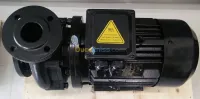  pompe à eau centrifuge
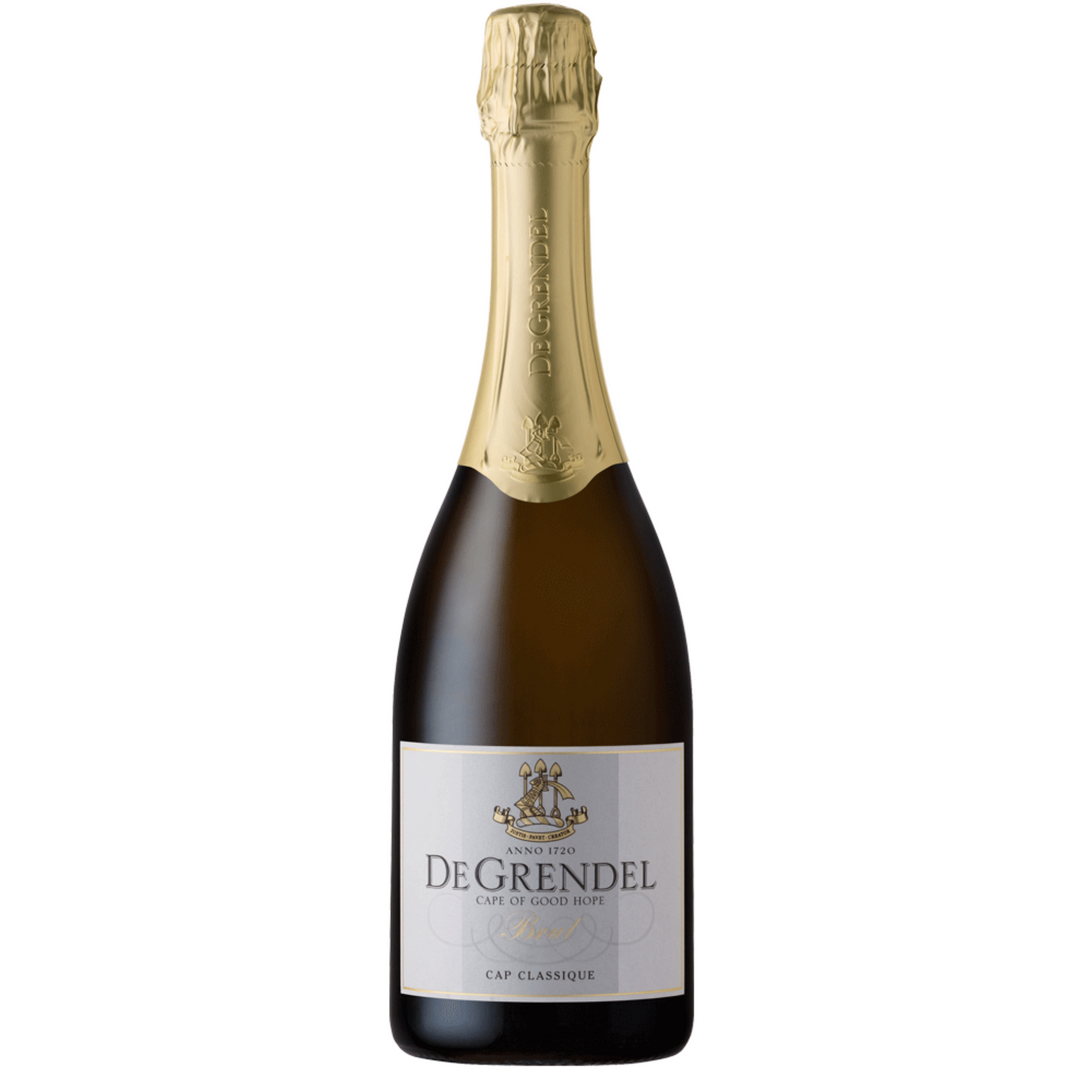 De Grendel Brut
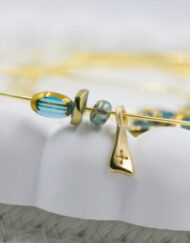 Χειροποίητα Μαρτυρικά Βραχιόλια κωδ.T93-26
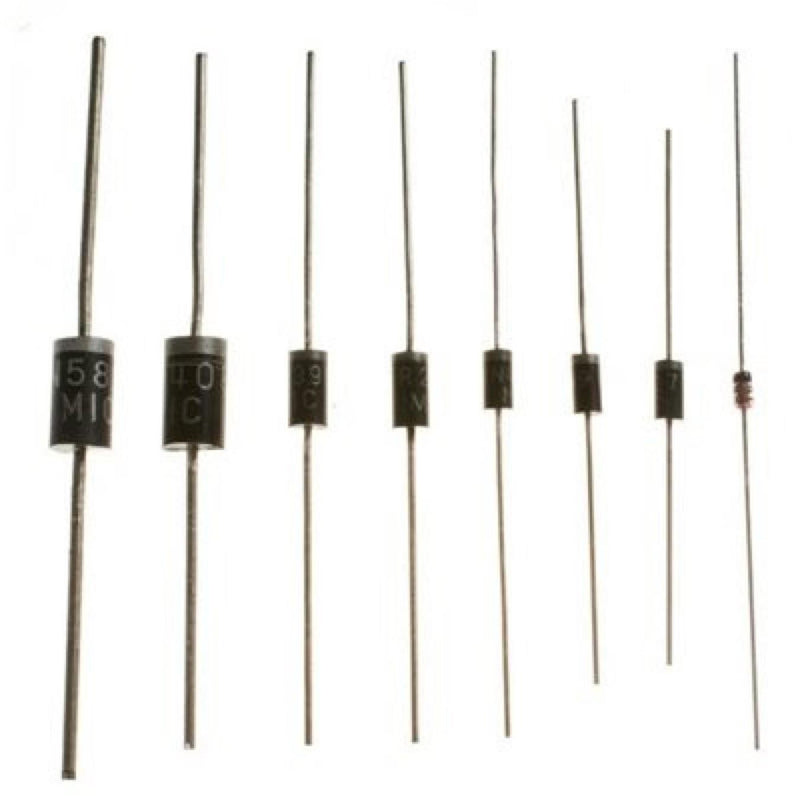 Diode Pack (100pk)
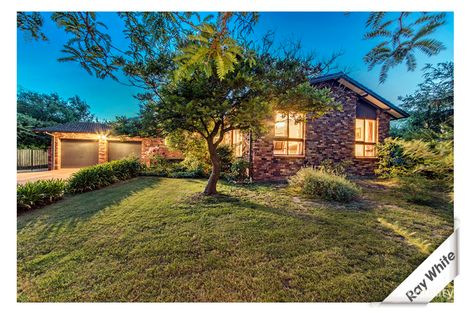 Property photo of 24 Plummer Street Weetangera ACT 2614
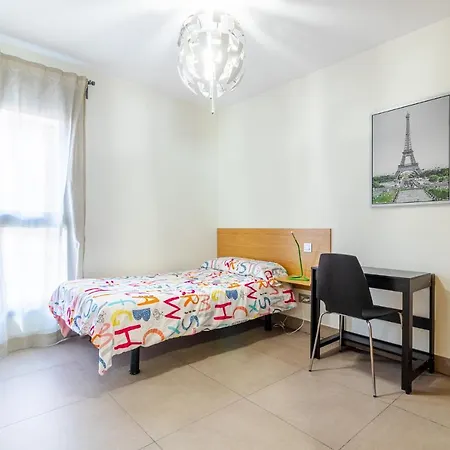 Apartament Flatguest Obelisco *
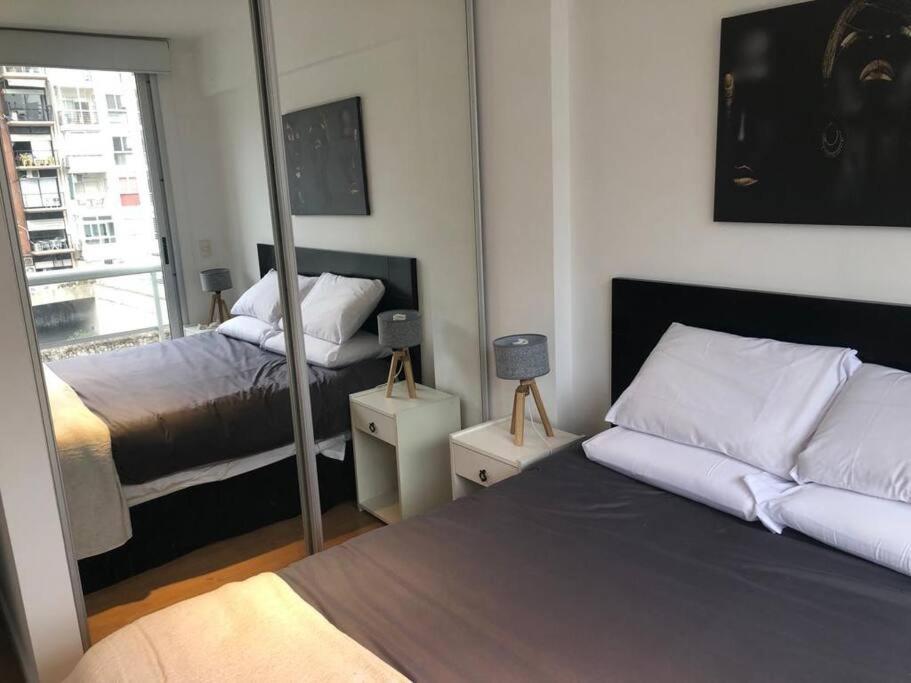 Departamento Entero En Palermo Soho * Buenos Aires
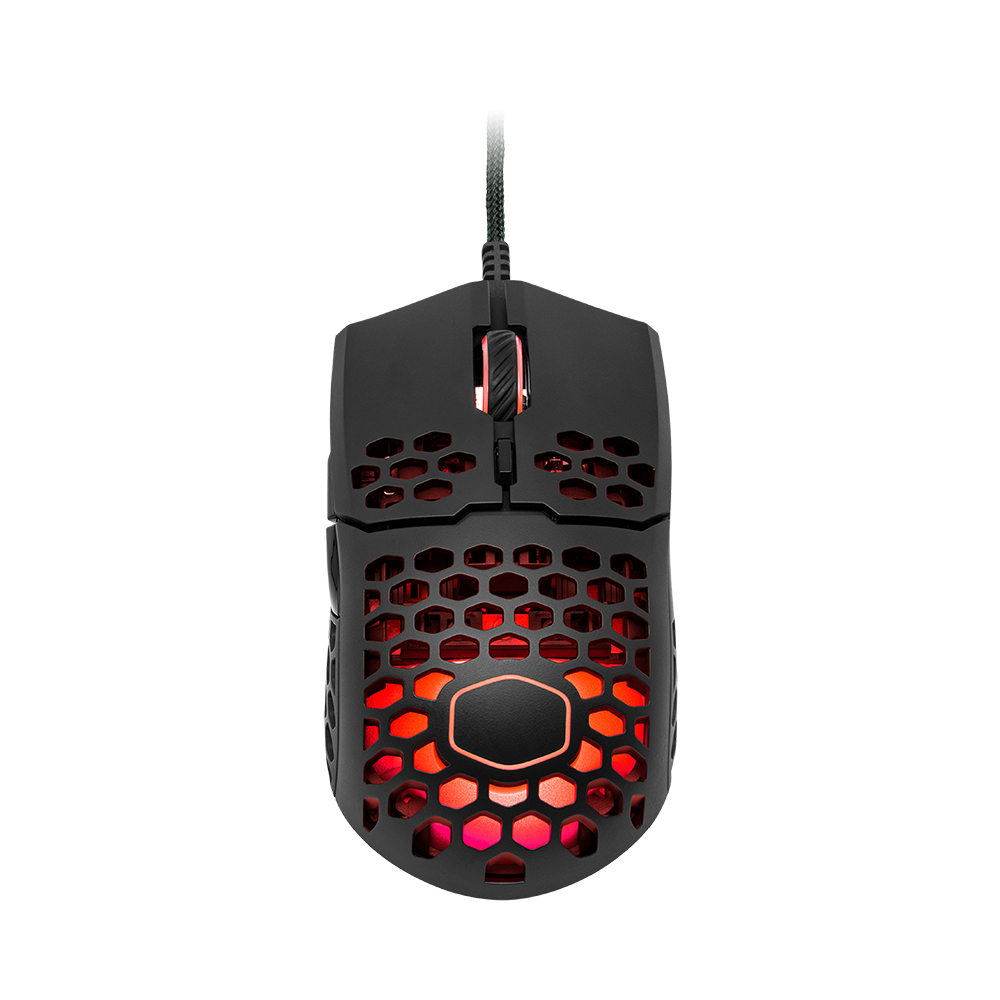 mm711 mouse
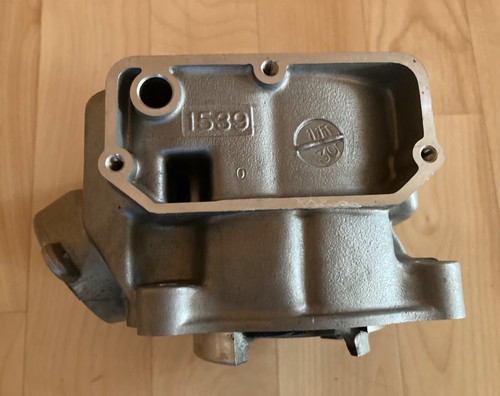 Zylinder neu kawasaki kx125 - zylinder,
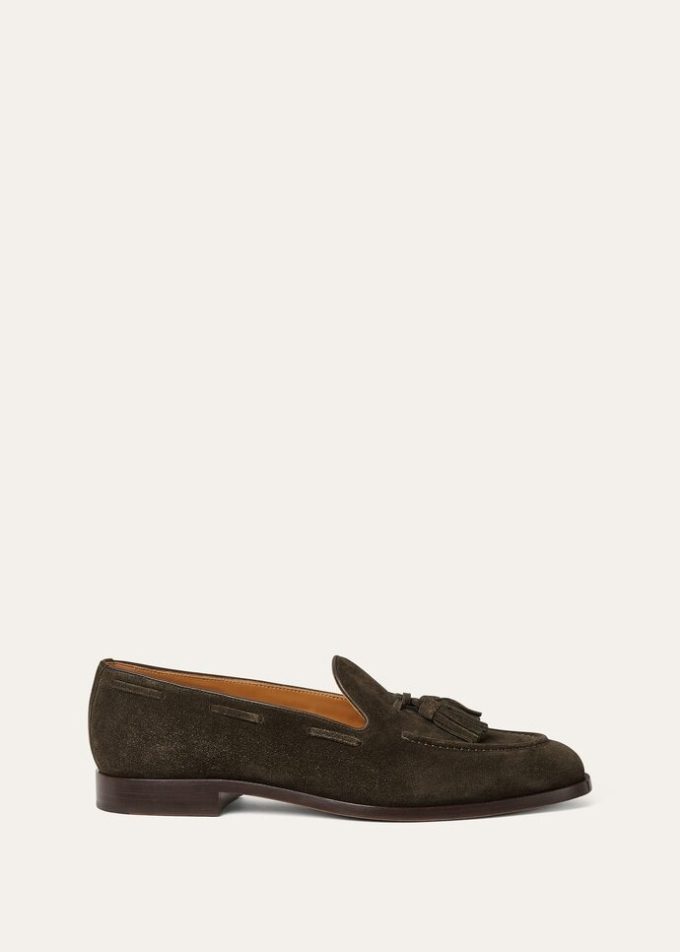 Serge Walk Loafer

• _Problem to work on_
When an image appears in the data, skip it and output the rest exactly.

• _Output_
  pompe à eau centrifuge
 De Grendel Brut
 Χειροποίητα Μαρτυρικά Βραχιόλια κωδ.T93-26
 Diode Pack (100pk)
 Property photo of 24 Plummer Street Weetangera ACT 2614
 Apartament Flatguest Obelisco *
 Departamento Entero En Palermo Soho * Buenos Aires
 mm711 mouse
 Zylinder neu kawasaki kx125 - zylinder,
 Serge Walk Loafer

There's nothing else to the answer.